I want to connect to postgres db using Dask where the database is behind an SSH tunnel. While there are methods to create SSH tunnels in Python, I haven't found a straightforward way to integrate this with Dask's connection mechanisms.
One potential solution is to locally port forward the database connection and then connect to localhost:port, where the tunnel is established. However, I'm uncertain about how this approach will function within a Dask cluster. Since the SSH tunnel is created on the node where the tunnel code is executed, it might not be accessible on Dask workers.
I'm currently using the
dd.read_sql_query(query, connection_string)
method for reading SQL queries in Dask. I'm considering whether I need to create the SSH tunnel on each worker node using
client.run(create_ssh_tunnel)
However, I'm unsure about how this will interact with auto-scaling. Specifically, during periods of high load when Dask workers autoscale, will they first create the tunnel on the worker nodes?
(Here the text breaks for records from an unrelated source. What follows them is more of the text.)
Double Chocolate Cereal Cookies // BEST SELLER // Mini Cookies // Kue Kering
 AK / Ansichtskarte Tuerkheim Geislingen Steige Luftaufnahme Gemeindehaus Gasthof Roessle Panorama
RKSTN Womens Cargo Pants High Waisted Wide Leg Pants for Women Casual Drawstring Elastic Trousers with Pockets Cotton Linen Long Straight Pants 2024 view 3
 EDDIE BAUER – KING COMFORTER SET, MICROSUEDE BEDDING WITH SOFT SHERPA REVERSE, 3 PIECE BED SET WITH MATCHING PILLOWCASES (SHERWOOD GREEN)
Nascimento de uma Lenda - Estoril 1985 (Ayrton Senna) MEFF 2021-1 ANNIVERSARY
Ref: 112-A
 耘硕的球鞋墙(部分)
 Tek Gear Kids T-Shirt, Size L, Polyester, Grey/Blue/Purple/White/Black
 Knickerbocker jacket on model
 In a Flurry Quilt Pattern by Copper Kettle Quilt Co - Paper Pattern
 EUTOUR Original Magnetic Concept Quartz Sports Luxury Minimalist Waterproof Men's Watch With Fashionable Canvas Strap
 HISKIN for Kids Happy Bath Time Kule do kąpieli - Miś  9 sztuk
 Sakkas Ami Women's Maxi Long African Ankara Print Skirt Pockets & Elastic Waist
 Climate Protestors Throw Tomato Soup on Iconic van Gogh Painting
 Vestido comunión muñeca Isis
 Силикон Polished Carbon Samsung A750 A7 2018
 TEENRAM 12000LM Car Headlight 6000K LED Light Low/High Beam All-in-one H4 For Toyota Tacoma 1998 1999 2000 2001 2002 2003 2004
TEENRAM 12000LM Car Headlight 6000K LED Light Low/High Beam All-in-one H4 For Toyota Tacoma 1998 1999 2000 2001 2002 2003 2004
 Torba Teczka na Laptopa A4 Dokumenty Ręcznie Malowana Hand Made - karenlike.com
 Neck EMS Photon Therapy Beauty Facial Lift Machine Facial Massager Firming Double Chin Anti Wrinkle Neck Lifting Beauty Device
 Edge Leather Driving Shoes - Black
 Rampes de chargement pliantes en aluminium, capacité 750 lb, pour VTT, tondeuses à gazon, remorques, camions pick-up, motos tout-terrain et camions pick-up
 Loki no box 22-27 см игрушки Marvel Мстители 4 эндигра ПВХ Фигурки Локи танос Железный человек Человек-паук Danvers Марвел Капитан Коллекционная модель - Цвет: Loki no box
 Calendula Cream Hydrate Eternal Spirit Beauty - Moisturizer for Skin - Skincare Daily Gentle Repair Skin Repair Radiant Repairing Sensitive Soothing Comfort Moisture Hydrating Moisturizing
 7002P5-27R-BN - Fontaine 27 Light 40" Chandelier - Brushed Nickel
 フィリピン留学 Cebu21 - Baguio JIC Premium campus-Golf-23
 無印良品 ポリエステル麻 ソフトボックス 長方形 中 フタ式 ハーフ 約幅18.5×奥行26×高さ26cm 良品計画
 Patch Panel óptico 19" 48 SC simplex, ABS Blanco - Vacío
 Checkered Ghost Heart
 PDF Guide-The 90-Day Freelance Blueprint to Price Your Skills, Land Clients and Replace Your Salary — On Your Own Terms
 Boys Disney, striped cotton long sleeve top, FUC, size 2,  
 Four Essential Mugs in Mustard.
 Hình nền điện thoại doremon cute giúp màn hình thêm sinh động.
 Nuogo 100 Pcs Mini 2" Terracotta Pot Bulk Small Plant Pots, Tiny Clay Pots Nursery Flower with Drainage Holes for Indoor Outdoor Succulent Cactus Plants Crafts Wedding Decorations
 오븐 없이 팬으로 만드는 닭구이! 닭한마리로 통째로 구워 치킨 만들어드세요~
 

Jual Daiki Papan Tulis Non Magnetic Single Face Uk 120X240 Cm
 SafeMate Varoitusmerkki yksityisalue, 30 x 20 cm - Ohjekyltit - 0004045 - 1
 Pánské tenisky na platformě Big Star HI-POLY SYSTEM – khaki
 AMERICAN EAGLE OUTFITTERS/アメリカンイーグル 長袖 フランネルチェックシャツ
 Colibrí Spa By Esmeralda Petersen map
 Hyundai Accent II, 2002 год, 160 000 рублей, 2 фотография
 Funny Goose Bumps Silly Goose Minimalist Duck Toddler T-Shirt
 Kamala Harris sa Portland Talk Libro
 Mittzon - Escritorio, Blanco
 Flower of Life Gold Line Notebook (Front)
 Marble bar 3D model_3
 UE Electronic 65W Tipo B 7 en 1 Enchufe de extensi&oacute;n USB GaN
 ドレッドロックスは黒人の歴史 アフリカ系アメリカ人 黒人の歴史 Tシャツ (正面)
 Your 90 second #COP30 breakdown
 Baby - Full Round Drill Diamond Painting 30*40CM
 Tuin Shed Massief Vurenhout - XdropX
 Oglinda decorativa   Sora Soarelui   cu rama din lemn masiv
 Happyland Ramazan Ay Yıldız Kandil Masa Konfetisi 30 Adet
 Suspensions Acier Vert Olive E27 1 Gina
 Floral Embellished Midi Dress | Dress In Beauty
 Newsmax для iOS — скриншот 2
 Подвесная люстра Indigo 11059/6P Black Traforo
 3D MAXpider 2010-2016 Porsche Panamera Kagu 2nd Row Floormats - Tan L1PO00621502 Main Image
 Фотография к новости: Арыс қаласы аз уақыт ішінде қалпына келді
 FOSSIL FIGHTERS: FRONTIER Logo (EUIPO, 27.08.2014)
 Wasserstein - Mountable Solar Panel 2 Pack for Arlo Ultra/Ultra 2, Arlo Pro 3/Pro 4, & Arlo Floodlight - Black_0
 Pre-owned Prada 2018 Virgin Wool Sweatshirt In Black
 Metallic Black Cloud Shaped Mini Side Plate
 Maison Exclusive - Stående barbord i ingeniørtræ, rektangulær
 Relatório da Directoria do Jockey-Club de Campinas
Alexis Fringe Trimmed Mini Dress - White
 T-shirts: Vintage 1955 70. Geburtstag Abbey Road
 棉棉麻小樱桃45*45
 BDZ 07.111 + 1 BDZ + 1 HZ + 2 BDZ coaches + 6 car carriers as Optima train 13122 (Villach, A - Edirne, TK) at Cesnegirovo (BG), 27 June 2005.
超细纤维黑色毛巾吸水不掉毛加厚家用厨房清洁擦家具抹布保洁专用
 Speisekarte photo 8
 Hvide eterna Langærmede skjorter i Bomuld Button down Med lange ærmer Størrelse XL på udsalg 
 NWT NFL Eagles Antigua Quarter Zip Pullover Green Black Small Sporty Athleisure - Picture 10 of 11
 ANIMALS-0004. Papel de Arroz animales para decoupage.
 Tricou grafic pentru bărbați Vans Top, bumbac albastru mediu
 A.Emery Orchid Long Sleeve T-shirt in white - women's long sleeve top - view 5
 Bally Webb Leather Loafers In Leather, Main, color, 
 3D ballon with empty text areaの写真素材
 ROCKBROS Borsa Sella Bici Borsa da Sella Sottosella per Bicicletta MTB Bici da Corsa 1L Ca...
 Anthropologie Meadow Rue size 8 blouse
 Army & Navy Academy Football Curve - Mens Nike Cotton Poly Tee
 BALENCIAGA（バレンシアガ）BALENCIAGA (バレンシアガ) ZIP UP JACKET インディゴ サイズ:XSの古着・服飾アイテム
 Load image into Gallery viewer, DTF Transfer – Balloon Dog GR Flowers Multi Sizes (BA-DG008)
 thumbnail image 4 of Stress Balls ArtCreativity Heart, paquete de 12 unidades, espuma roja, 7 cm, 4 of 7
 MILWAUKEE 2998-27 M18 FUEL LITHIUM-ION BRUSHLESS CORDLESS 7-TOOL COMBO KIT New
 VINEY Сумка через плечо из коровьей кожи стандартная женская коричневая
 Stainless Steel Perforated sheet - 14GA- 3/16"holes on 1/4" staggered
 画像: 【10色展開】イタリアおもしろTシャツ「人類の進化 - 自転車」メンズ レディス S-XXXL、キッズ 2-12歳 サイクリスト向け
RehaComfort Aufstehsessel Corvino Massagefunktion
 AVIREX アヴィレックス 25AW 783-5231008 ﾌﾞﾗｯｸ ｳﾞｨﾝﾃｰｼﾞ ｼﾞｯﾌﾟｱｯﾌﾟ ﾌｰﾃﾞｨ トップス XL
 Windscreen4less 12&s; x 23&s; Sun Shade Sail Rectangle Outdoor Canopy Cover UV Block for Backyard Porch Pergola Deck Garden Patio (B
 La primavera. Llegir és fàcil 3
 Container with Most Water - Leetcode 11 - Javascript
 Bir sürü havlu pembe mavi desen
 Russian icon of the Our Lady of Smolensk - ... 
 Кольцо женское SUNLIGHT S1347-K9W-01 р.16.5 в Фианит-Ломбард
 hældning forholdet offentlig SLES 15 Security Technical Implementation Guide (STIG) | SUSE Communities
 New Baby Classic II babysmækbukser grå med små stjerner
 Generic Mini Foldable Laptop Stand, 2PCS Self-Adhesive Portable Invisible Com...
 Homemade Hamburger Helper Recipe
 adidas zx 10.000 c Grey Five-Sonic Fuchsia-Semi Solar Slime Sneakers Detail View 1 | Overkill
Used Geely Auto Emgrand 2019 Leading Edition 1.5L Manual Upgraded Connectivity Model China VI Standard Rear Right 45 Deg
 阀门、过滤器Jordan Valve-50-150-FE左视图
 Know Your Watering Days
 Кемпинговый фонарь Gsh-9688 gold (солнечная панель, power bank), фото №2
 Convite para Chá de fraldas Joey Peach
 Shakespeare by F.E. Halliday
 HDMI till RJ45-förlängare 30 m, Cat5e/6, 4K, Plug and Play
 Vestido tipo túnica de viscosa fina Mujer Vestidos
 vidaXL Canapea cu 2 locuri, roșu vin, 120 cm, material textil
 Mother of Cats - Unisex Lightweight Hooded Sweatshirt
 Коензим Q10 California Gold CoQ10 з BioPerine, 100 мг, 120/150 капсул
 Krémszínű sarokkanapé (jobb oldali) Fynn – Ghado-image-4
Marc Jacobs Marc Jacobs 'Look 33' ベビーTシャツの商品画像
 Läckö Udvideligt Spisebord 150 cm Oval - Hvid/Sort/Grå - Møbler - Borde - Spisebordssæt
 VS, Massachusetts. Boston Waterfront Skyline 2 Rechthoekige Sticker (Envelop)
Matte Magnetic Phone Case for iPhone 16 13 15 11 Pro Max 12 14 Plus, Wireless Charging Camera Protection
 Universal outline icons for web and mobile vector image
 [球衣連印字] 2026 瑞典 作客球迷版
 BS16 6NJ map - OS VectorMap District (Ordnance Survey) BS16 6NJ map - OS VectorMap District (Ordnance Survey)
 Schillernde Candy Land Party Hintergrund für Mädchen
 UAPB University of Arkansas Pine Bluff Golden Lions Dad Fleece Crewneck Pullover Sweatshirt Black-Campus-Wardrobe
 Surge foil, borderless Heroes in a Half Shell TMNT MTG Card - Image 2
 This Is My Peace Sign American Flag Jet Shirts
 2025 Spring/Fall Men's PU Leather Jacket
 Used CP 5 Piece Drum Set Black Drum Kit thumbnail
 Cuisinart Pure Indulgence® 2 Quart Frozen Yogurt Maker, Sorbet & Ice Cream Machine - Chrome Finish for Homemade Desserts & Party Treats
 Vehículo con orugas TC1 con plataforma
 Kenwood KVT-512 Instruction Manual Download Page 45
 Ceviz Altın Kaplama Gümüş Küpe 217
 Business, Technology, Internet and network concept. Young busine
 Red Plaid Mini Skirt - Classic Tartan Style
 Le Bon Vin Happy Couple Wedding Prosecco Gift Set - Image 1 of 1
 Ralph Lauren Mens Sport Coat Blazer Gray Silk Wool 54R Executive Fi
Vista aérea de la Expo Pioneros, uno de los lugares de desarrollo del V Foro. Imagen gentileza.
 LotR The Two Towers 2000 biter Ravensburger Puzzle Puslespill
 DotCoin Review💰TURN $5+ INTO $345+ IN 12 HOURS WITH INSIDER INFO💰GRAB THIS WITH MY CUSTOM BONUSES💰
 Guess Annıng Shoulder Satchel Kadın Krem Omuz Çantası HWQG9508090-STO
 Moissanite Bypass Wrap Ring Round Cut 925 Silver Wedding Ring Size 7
during periods of high load when Dask workers autoscale, will they first create the tunnel on the worker nodes
No, client.run
happens once when you call it, on the workers that are connected at the time. If you want each worker to do something at launch, you want a Nanny (if using) or Worker plugin, see https://distributed.dask.org/en/stable/plugins.html . You would define a setup() method calling your SSH creation function. You should ensure that you handle possible error cases (clean up on teardown, and cope with the tunnel already being open).
Minimal example:
class WorkerSSH(WorkerPlugin):
def setup(self, worker):
create_ssh_tunnel()
plugin = WorkerSSH(logging)
client.register_plugin(plugin)